Australian Peter Greste, who was freed from an Egyptian prison and deported on Sunday, is a seasoned foreign correspondent who has covered conflicts in Afghanistan and the Middle East.
Greste, who turned 49 in jail, worked for several news organisations including Reuters and the BBC before joining Al-Jazeera's English news channel.
He was the BBC's Kabul correspondent in 1995, where he watched the Taliban emerge, and he returned after the US-led invasion in 2001.
Since 2009, he was based in Nairobi from where he covered the Horn of Africa, winning the broadcasting industry's prestigious Peabody Award in 2011 for the documentary, "Somalia: Land of Anarchy".
Constantly on the road on reporting assignments, Sydney-born Greste has also served in Bosnia and headed the BBC's South American operations from Mexico.
"From a young age, Peter Greste had an adventurous spirit and a strong send of social justice and fairness," his supporters said on the campaigning website www.freepetergreste.org.
Arrested in December 2013, Greste was sentenced to seven years in prison along with a fellow Al-Jazeera reporter, Canadian-Egyptian Mohamed Fahmy, for allegedly aiding the blacklisted Muslim Brotherhood group.
An Egyptian colleague, Baher Mohamed, was sentenced to 10 years.
In January, a court ordered a retrial, before President Abdel Fattah al-Sisi passed a law making Greste and Fahmy eligible for deportation.
- Fahmy and Mohamed -
Dual national Fahmy, 40, had only been named head of Al-Jazeera's Cairo office in September 2013, three months before his arrest.
Born in Cairo, his parents emigrated to Canada in 1991 and settled in Quebec. He graduated in business administration from Vancouver University.
With the 2003 US-led invasion of Iraq, he worked as an interpreter for the Los Angeles Times, and the next year Fahmy wrote "An Interpreter's Chronicles of the Iraq War".

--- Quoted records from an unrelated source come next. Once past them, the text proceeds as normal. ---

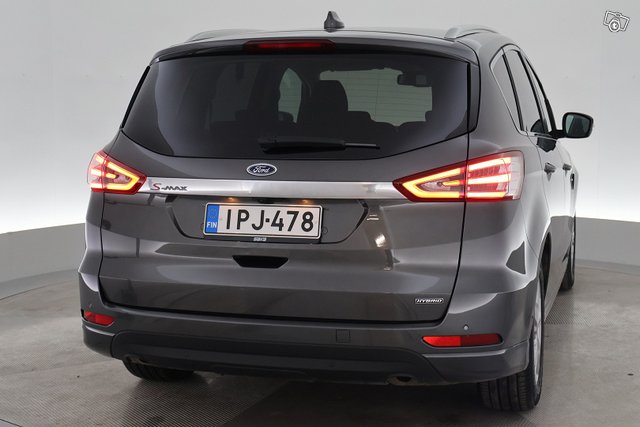 Ford S-Max 10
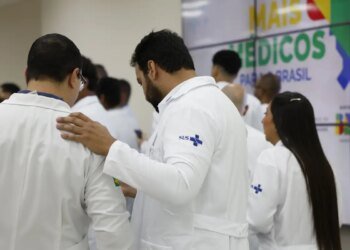 Estudantes de baixa renda de curso de medicina terão ajuda do governo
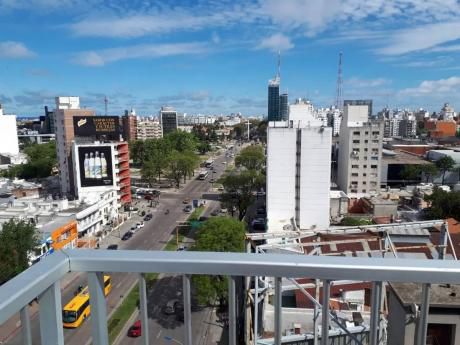 Alquile Monoambiente En Tres Cruces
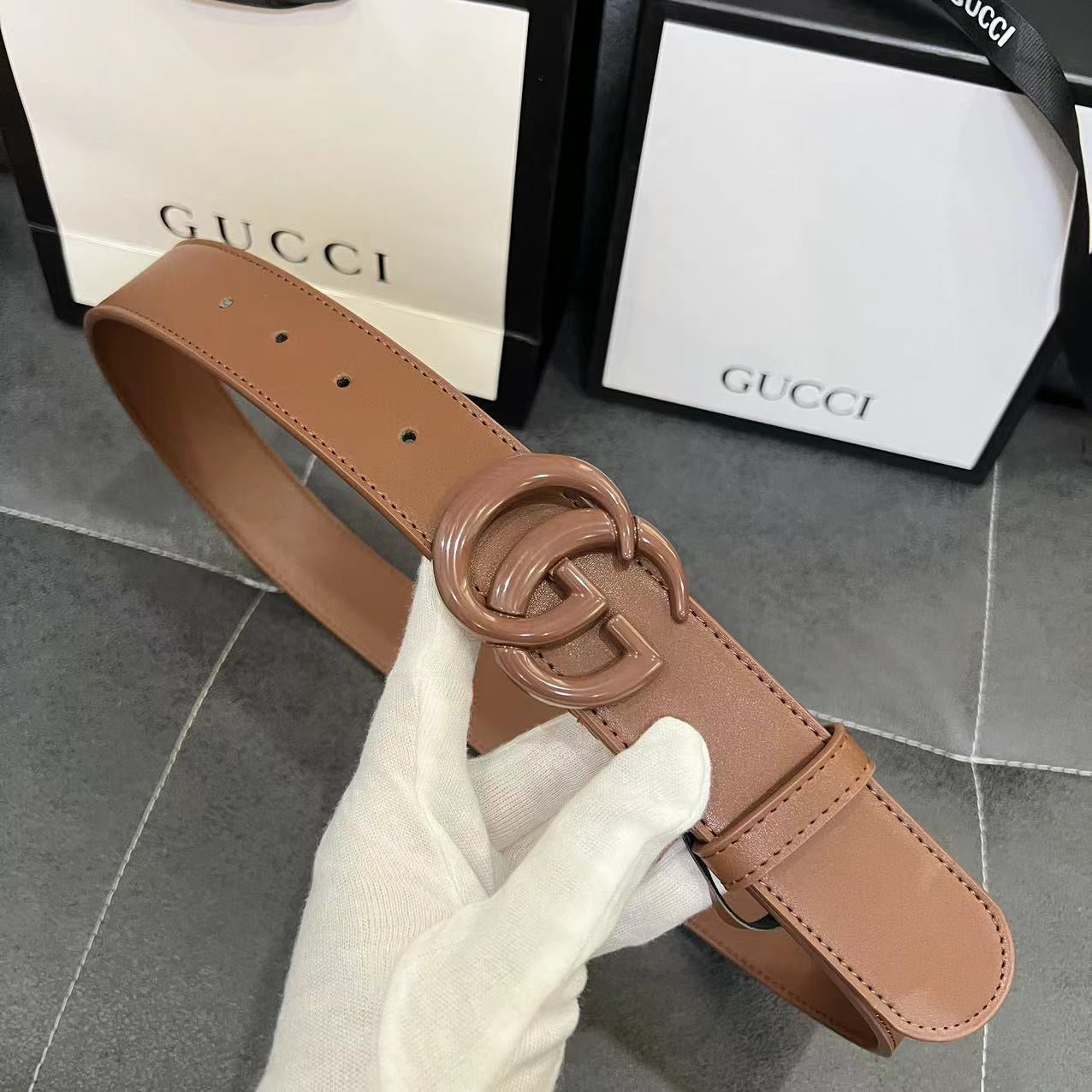 High Quality Simple Delicate Gucci GG Buckle Leather Belt    ITEM NO.: CS-BT051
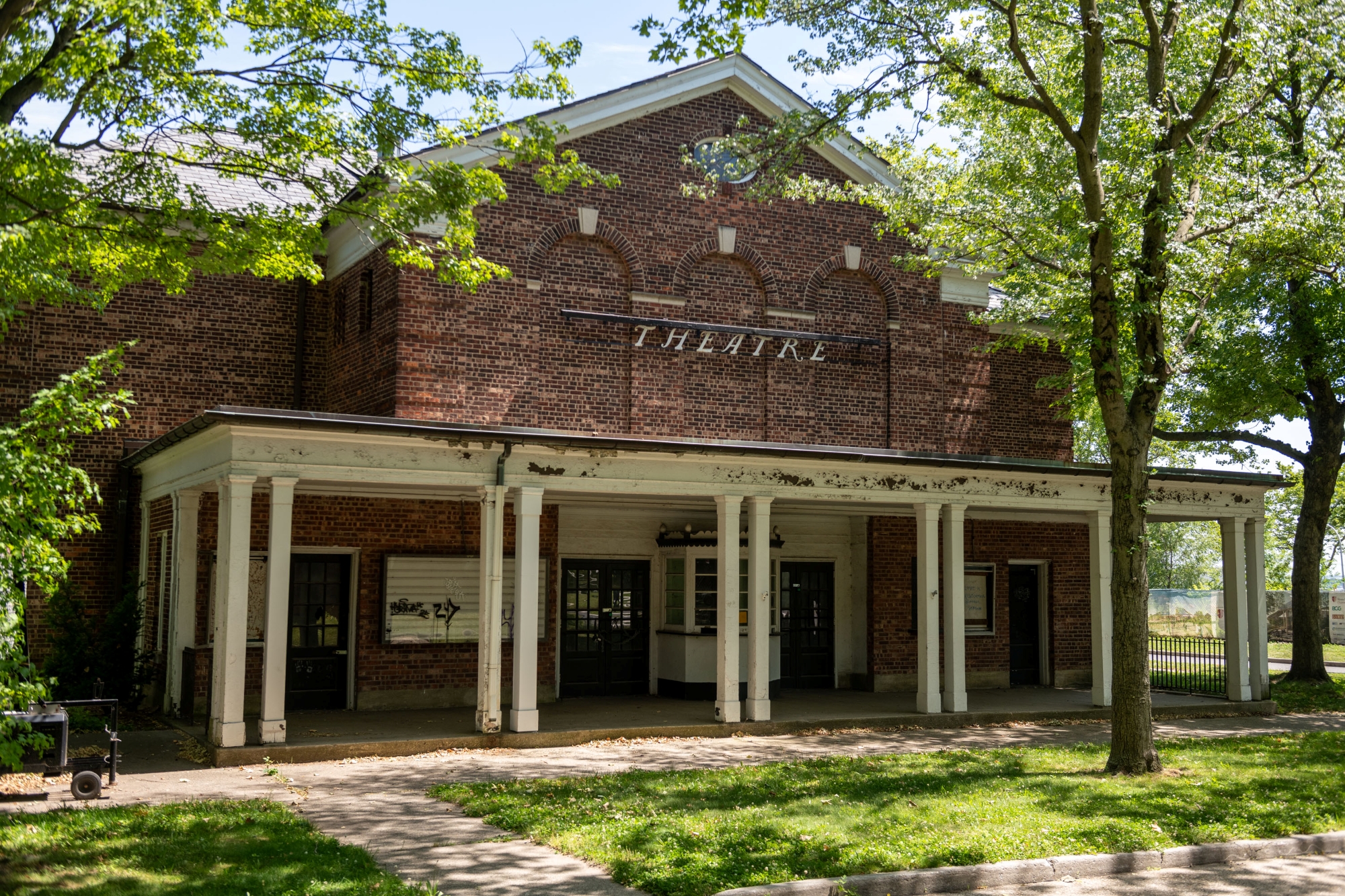 Governors Island seeks developers to revitalize two historic buildings as arts and recreation hubs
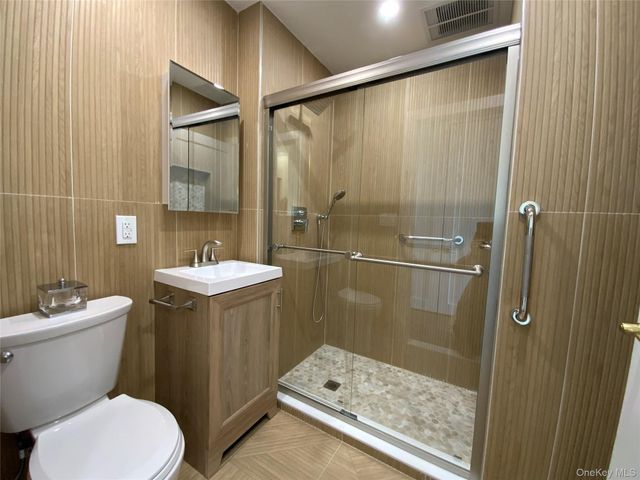 27010 Grand Central Parkway 19O, Floral Park, NY 11005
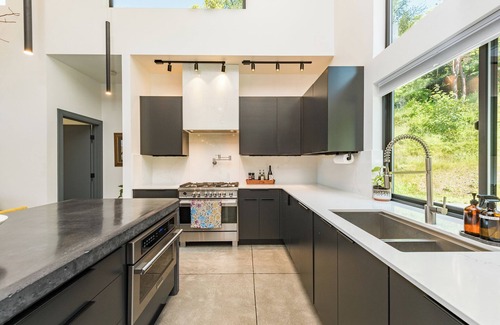 Port Angeles House | Custom modern home near Olympic National Park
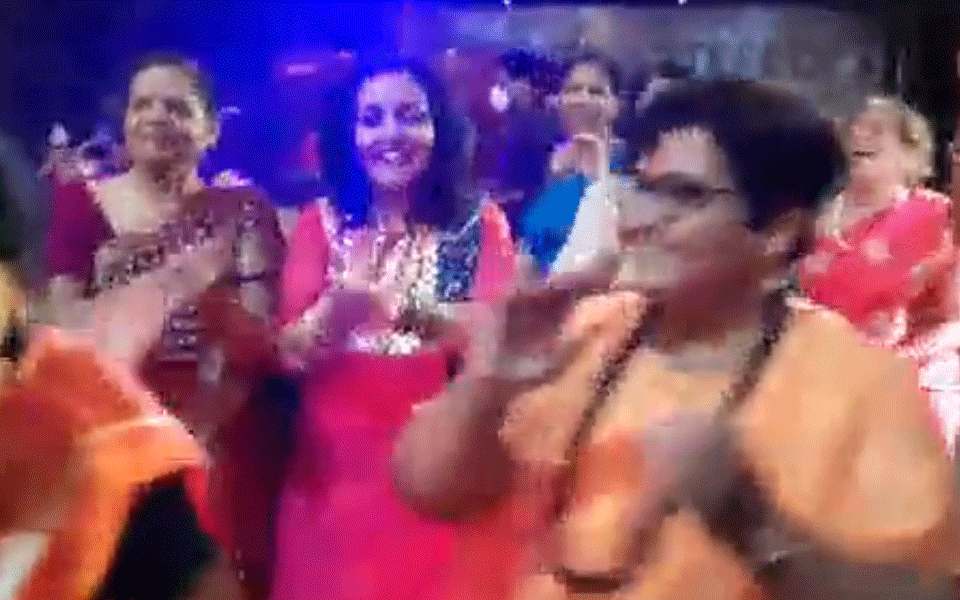 ಸದಾ ಗಾಲಿಕುರ್ಚಿಯಲ್ಲಿ ಕಾಣಿಸುವ ಪ್ರಜ್ಞಾ ಠಾಕುರ್ ಅವರ ಗರ್ಬಾ ನೃತ್ಯ ವೀಡಿಯೋ ವೈರಲ್ !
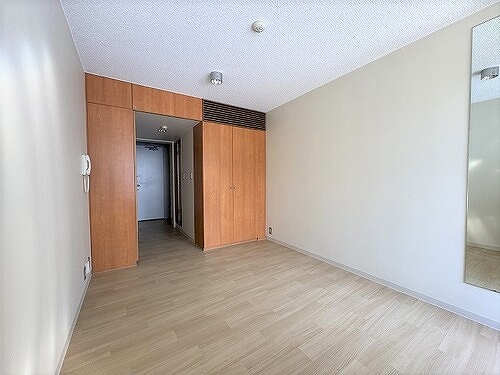 その他　洋室別角度　約６．０畳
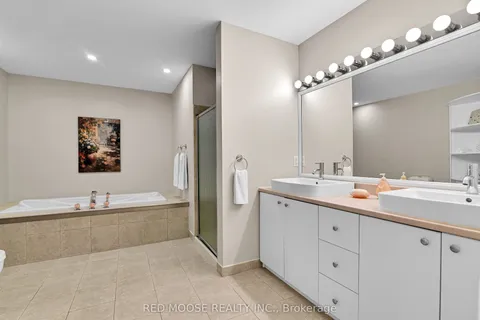 9859 Russell Road, ON K4B 1R8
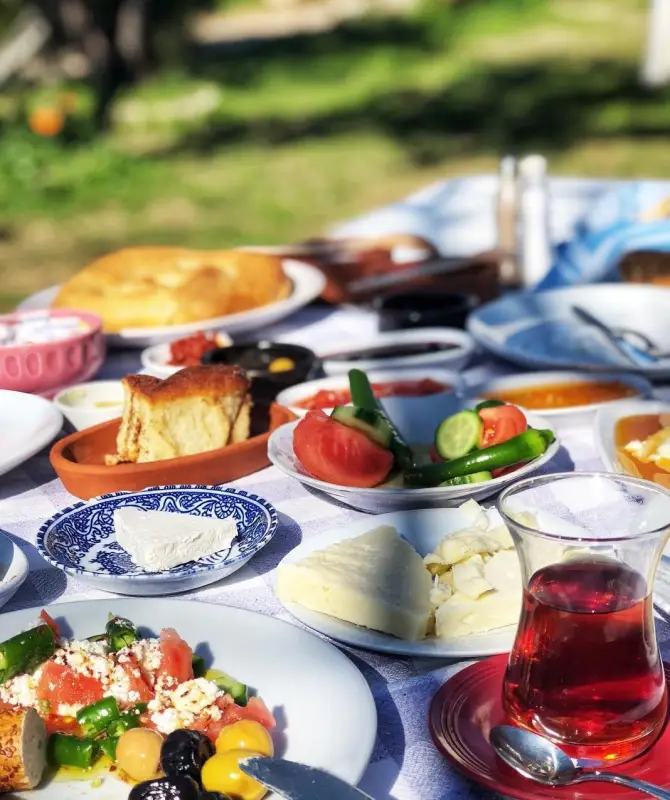 Alaçatı Demlik Kahvaltı&Cafe - İzmir Mekan Rehberi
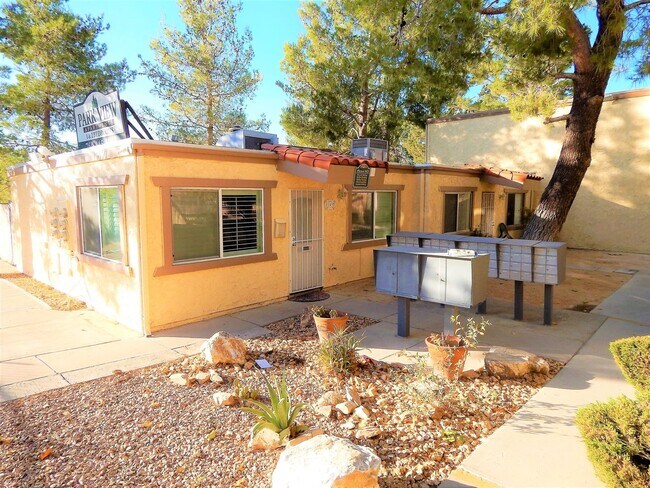 Building Photo - 16352 Pebble Beach Dr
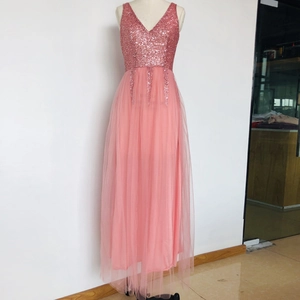 Robe rose à paillettes avec col en V profond et jupe en tulle pour soirée élégante
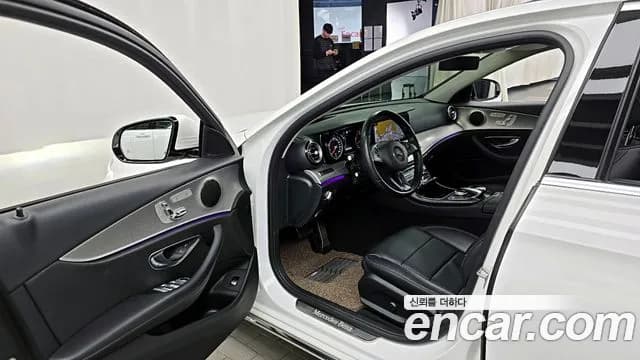 2017 Mercedes-Benz E-Class W213 E200 Avantgarde Sold VIN WDDZF4CB9HA129537 – side profile 2017 Mercedes-Benz E-Class W213 E200 Avantgarde Sold VIN WDDZF4CB9HA129537 – side profile
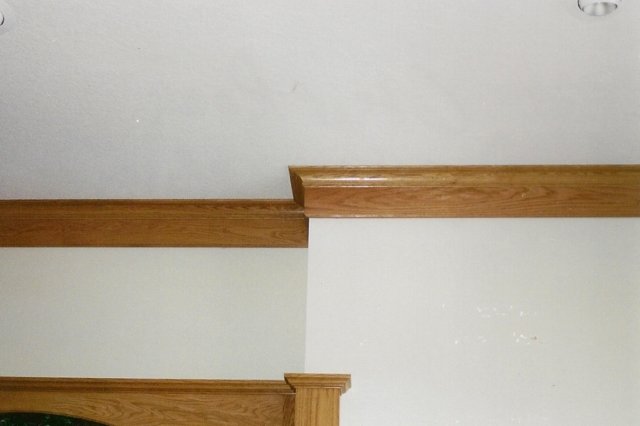 crownmolding1.jpg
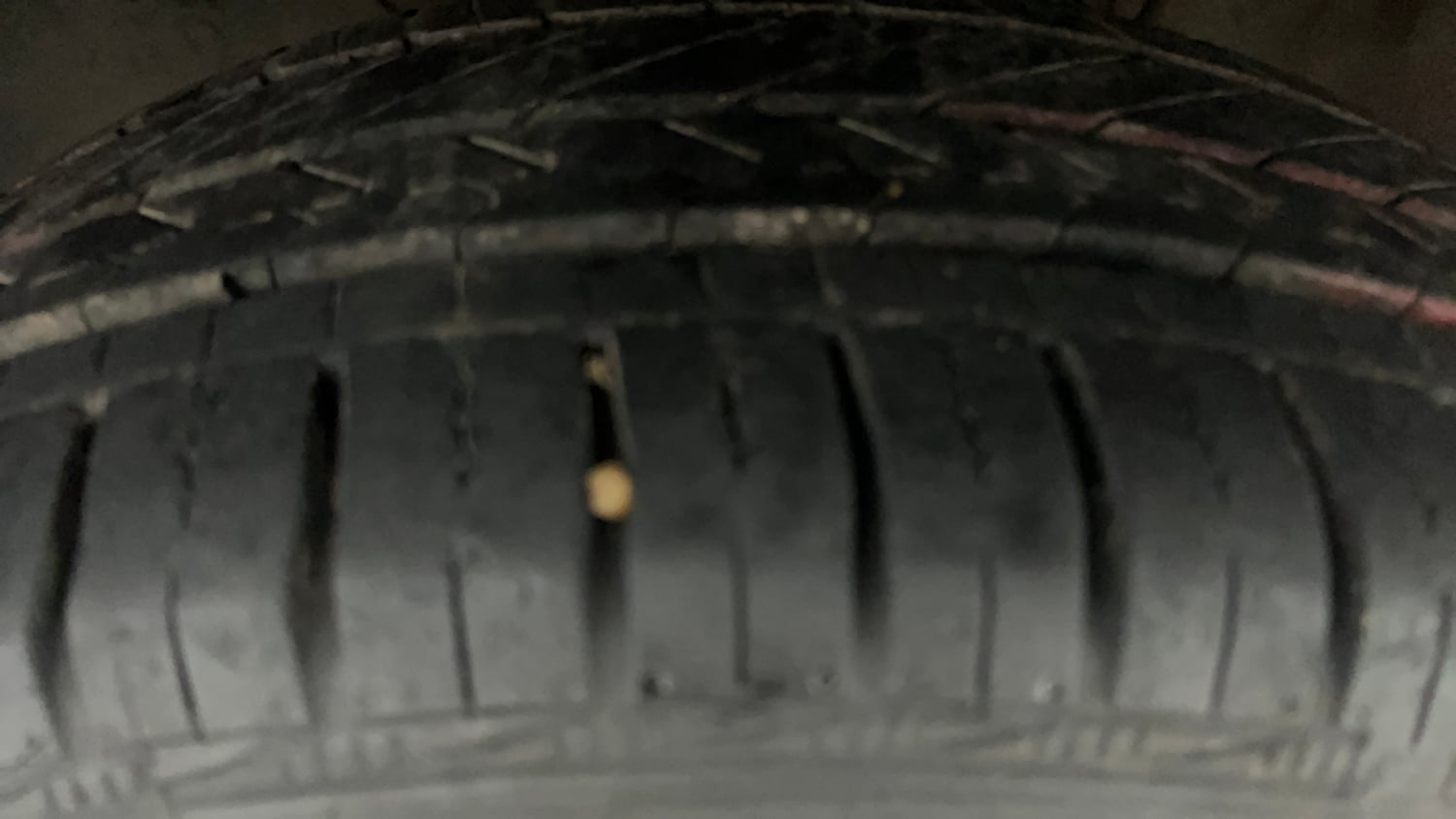Used 2019 Hyundai Elite i20 Sportz Plus 1.2 Petrol Manual tyres LEFT FRONT TYRE TREAD VIEW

He went on to work for Gulf television stations and then the International Committee of the Red Cross.
In 2011, CNN employed him to cover the Arab Spring revolt in Egypt which toppled longtime president Hosni Mubarak and then he went on to work as a freelancer for the BBC.
Al-Jazeera gave him the chance to settle in the city of his birth with fiance Marwa Magid, planning to marry in April 2014.
He will return with his fiance to Canada where they now plan to get married "right away", his brother Adel Fahmy said last year.
Baher Mohamed's family, for their part, hope for a presidential pardon.
He covered the Arab Spring revolts in Libya, Yemen and Egypt. Mohamed had worked as a freelancer for a Japanese publication before joining Al-Jazeera in mid-2013.
Aged 30, he has a daughter and three sons, the youngest of whom, now five months old, was born while Mohamed was behind bars.
"Baher was always in the thick of all the violence in Egypt... He always wanted to relay the truth himself, rather than rely on other sources," brother Assem said.
The arrest of the three journalists prompted a global outcry, with Washington and the United Nations leading calls for their release.